Scraped caption text data

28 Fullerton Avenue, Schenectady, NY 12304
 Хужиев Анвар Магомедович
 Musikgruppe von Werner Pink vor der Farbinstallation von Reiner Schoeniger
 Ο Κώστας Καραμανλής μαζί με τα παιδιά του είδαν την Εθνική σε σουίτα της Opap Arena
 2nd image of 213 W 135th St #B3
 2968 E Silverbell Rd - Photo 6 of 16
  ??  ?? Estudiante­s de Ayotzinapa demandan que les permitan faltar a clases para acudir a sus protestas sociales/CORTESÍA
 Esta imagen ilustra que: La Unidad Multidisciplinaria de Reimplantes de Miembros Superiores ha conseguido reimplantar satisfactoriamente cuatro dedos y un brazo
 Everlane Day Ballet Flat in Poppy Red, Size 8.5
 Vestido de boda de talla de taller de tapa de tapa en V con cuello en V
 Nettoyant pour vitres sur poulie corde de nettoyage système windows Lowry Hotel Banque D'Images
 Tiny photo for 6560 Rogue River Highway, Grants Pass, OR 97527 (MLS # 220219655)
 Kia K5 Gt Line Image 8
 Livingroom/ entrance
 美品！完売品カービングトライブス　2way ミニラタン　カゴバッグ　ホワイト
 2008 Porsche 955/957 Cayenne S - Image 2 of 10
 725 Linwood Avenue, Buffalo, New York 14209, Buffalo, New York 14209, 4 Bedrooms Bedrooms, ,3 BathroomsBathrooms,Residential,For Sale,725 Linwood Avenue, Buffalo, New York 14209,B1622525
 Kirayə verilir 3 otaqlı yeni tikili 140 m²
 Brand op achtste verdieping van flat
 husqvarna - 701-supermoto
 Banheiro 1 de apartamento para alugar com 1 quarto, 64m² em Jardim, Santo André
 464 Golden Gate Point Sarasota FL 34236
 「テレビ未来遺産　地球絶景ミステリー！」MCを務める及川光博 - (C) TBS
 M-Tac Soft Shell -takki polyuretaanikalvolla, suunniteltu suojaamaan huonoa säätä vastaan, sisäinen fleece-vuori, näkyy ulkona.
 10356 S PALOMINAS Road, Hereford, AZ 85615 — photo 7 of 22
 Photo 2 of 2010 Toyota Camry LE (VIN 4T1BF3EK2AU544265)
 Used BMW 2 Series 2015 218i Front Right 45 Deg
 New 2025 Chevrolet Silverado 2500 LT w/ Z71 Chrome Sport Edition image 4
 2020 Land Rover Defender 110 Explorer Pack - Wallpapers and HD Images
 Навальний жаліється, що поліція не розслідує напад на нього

Your instructions :: With the line containing "Esta imagen ilustra" as the last one, please set down exactly the lines of the records above from their very first line, and nothing more.

Problem solution ::
28 Fullerton Avenue, Schenectady, NY 12304
 Хужиев Анвар Магомедович
 Musikgruppe von Werner Pink vor der Farbinstallation von Reiner Schoeniger
 Ο Κώστας Καραμανλής μαζί με τα παιδιά του είδαν την Εθνική σε σουίτα της Opap Arena
 2nd image of 213 W 135th St #B3
 2968 E Silverbell Rd - Photo 6 of 16
  ??  ?? Estudiante­s de Ayotzinapa demandan que les permitan faltar a clases para acudir a sus protestas sociales/CORTESÍA
 Esta imagen ilustra que: La Unidad Multidisciplinaria de Reimplantes de Miembros Superiores ha conseguido reimplantar satisfactoriamente cuatro dedos y un brazo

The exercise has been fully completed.